Before sacrifice, the animals were anesthetized using an anesthetic made by diluting tribromoethanol with tertiary amyl alcohol, and then blood was collected from the orbit. The blood was placed in a serum separator tube (Becton Dickinson) and left at room temperature for 30 minutes. The serum was then separated by centrifugation at 5,000 rpm for 10 minutes and stored at -70°C until analysis. After blood collection, the animals were sacrificed, and the liver and skeletal muscles (quadriceps femoris muscle (QF), gastrocnemius muscle (GA), soleus muscle (SOL), and extensor digitorum longus muscle (EDL)) were removed, washed with cold saline, and weighed after removing excess water with filter paper. A portion of the soleus muscle (SOL) was fixed in 4% paraformaldehyde (PFA) and embedded in paraffin for immunohistochemistry, while the other portion was used for total RNA isolation and real-time RT-PCR. A portion of the gastrocnemius (GA) muscle was subjected to protein isolation and Western blotting. The remaining tissue was stored at -70°C until analysis.

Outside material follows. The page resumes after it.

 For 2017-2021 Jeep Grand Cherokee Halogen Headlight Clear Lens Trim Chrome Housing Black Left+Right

(7) Blood biochemical analysis .

Serum glucose (Glucose), triglycerides (TG), total cholesterol (CHOL), LDL-cholesterol (LDL-CHOL), HDL-cholesterol (HDL-CHOL), BUN (blood urea nitrogen), CREA (creatinine) contents, and CK (creatine kinase), LDH (lactate dehydrogenase), ALT (alanine aminotransferase), AST (aspartate aminotransferase), and ALP (alkaline phosphatase) activities were measured using a blood biochemistry analyzer (KoneLab 20 XT, Thermo Fisher Scientific). Serum lactate content was measured using a lactate measurement kit (Abcam) according to the manufacturer's instructions.

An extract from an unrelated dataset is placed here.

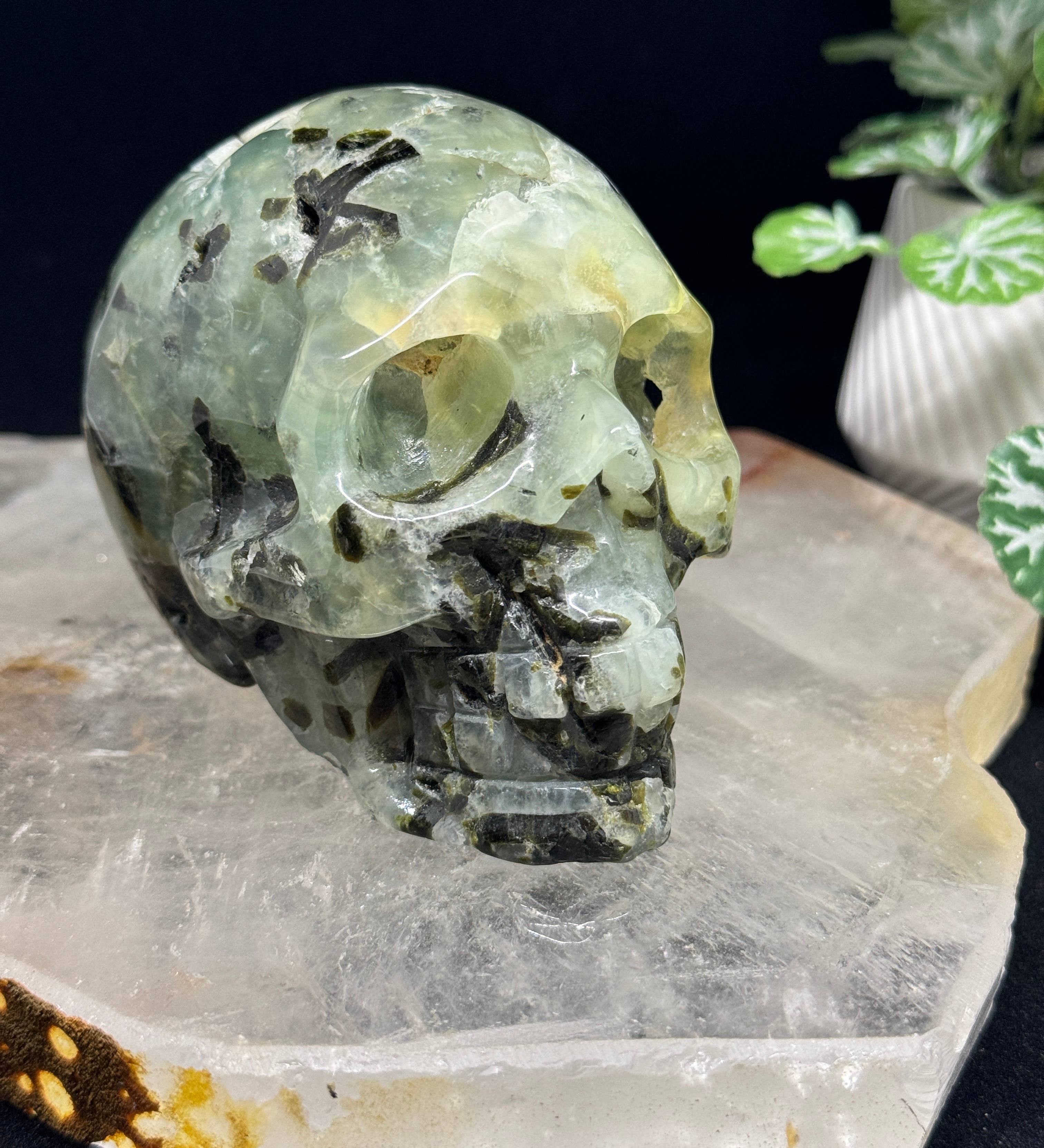Prehnite Crystal Skull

(8) Liver tissue fluid production .

Liver tissue fluid was prepared to measure the glycogen content in liver tissue. 100 mg of liver tissue was mixed with 1 mL of PBS and homogenized using a homogenizer. The homogenized solution was centrifuged at 5,000 rpm for 10 minutes, and the supernatant was collected and used as liver tissue fluid.

(9) Muscle tissue fluid production .

Muscle tissue fluid was prepared to measure glycogen content and enzyme activity in muscle tissue. 1 mL of PBS was added to the isolated skeletal muscles, namely, quadriceps femoris (QF), gastrocnemius (GA), soleus (SOL), and extensor digitorum longus (EDL), and homogenized using a homogenizer. The homogenized solution was centrifuged at 5,000 rpm for 10 minutes, and the supernatant was collected and used as muscle tissue fluid. The protein content of the muscle tissue fluid was measured using a BCA protein assay kit (Thermo Scientific).

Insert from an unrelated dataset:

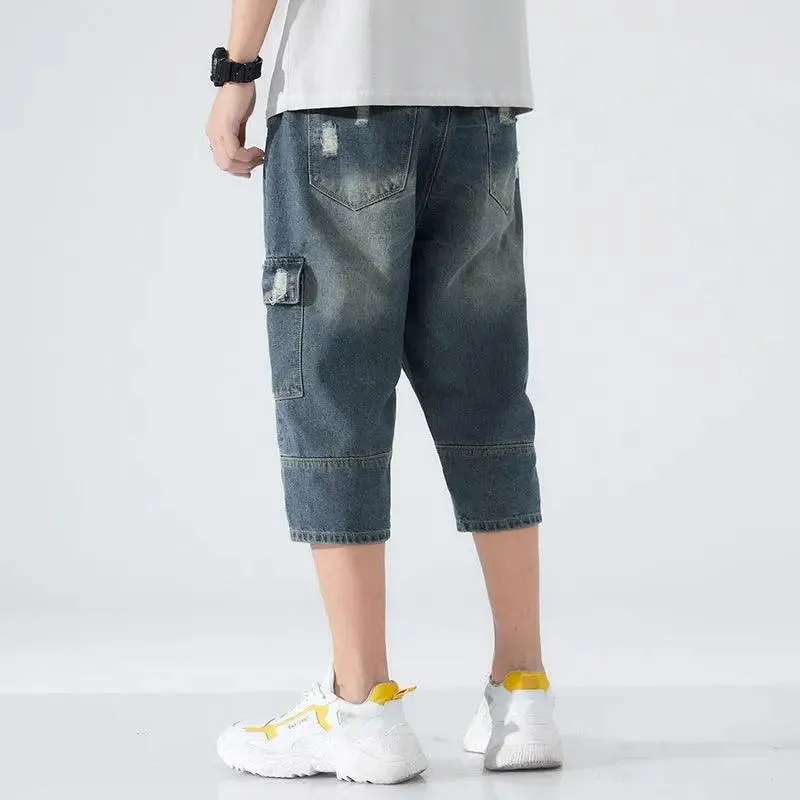 Loose Elastic Waist Cropped Jeans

(10) Measurement of glycogen content in liver and skeletal muscle .

Glycogen content in the liver and skeletal muscle (GA) was measured using a glycogen measurement kit according to the method provided by the manufacturer (abcam).

(11) Measurement of enzyme activity in skeletal muscle .

The activities of citrate synthase (BioVision), beta-hydroxyacyl CoA dehydrogenase (MyBioSource), and lactate dehydrogenase (abcam) in skeletal muscle (QF, SOL, EDL) were measured using the respective assay kits according to the manufacturer's instructions.

(12) Histomorphological observation of skeletal muscle (hematocylin and eosin staining) .

The soleus muscles fixed in 4% PFA were embedded in paraffin, and 5 μm tissue sections were prepared from the embedded tissue. After removing the paraffin, the tissue was hydrated by gradually decreasing the percentage of alcohol, starting from 100% alcohol to 0% alcohol (H ₂ O). For histomorphological observation of the soleus muscle (SOL), the tissue was stained with Accustain® hematoxylin and eosin stain (Sigma-Aldrich Co.) according to the manufacturer's instructions. Histological changes were then observed using a light microscope (Carl Zeiss).

(13) Protein expression survey in muscle tissue (Western blot analysis) .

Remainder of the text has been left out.